Bugünkü gençlerin hepsi televizyonla büyüdü. Şimdi buna bir de sanal dünya eklendi. Gençlerin algılamaları, hayal dünyaları, zihinlerinin çalışması, bakışları, görüşleri, kodlamaları, hepsi görsel ya da sanal dünyanın kurallarına göre şekilleniyor. Bu dünyanın nimetleri ya da kötülükleri gençleri nasıl etkiliyor? Gençlere ne yapmalarını tavsiye edersiniz?
Sanal alemin bizim açımızdan, Genç Öncüler adına bu durumu tahlil ettiğimizde müspet tarafları da var menfi tarafları da var. Ama müspet tarafına göre menfi tarafları son derece fazla. Müspet tarafı nedir? İletişim, iletişim derken de bir önceki soru da anlatmaya çalıştığım iletişim değil. İnsan tanıma, mesajını iletebilme vs. bağlamlarında bir fonksiyonu var, yok değil.
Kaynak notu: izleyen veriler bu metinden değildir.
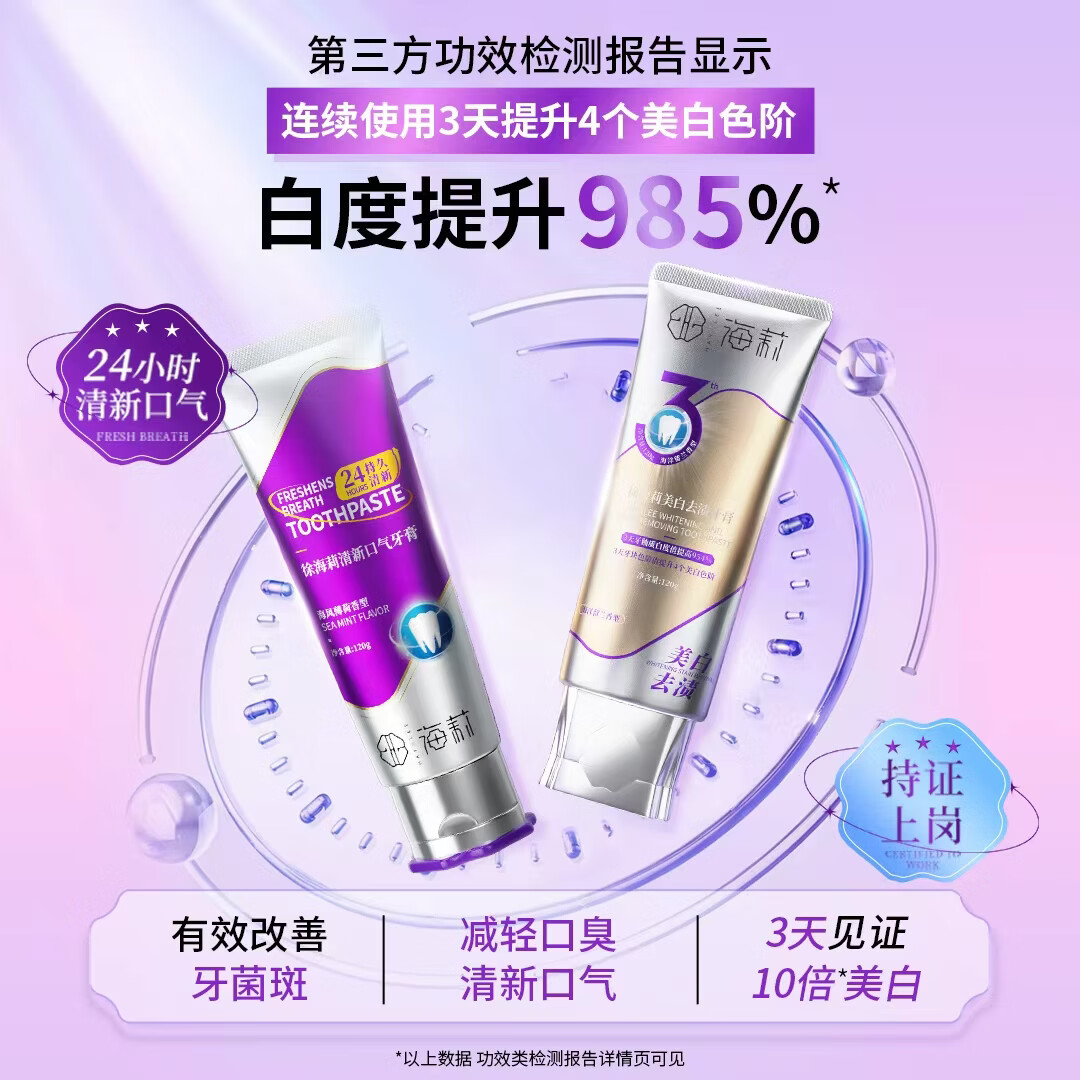 徐海莉清新口气牙膏成人薄荷美白去渍去黄牙膏男女旗舰正品 徐海莉清新美白全套装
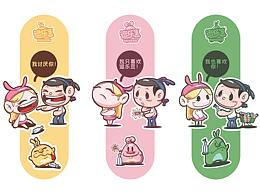 产品设计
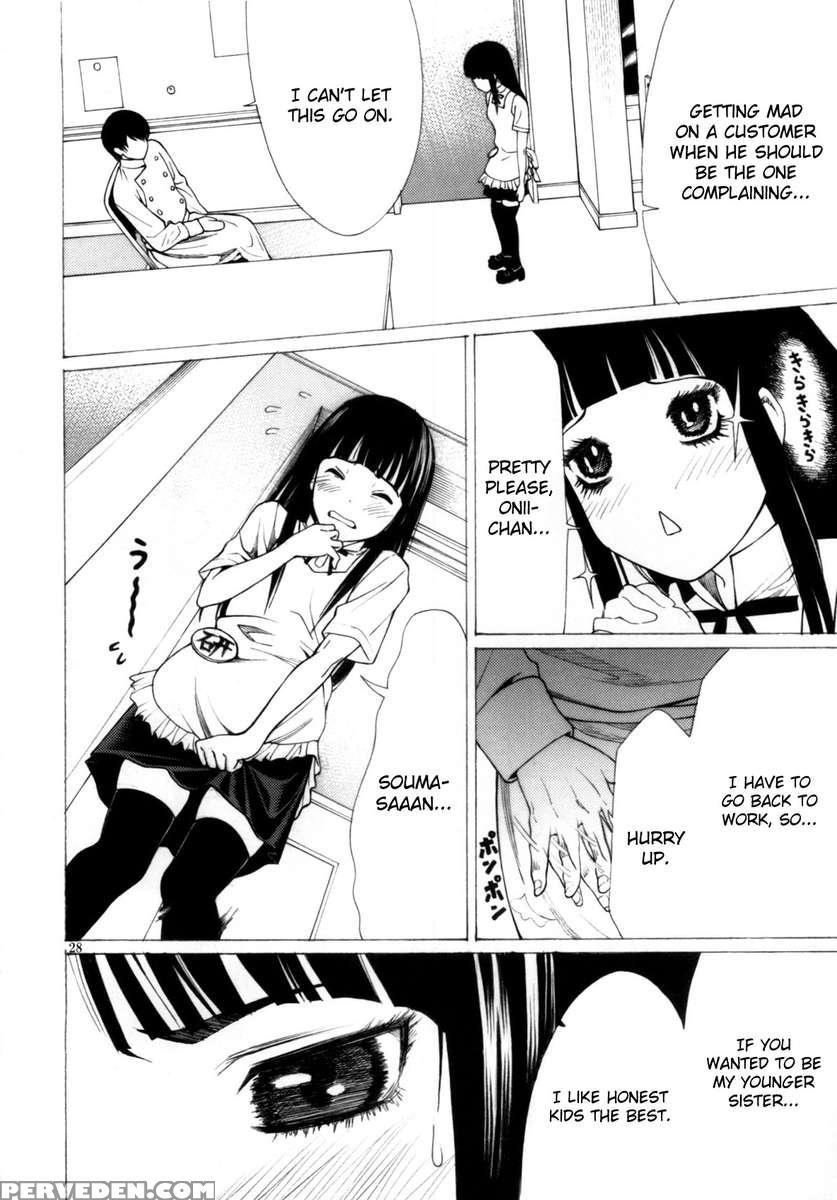 Someoneeros 1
Amma velakin bu ne kadar bu amaçla kullanıyor sorusunu sorarsak bu amaçla çok da fazla kullanılmadığını görüyoruz. Peki nedir bu sanal alemde gençleri baş başa bırakan şey? Benim gördüğüm kadarıyla sanal alem yaşadığımız reel alemin haricinde insanlara yepyeni bir dünya imkanı sunuyor.
"YENİ DÜNYA, GENÇLERİN BÜTÜN REEL BAĞLARINI, KURGULARINI, HAYATA BAKIŞLARINI ETKİLİYOR"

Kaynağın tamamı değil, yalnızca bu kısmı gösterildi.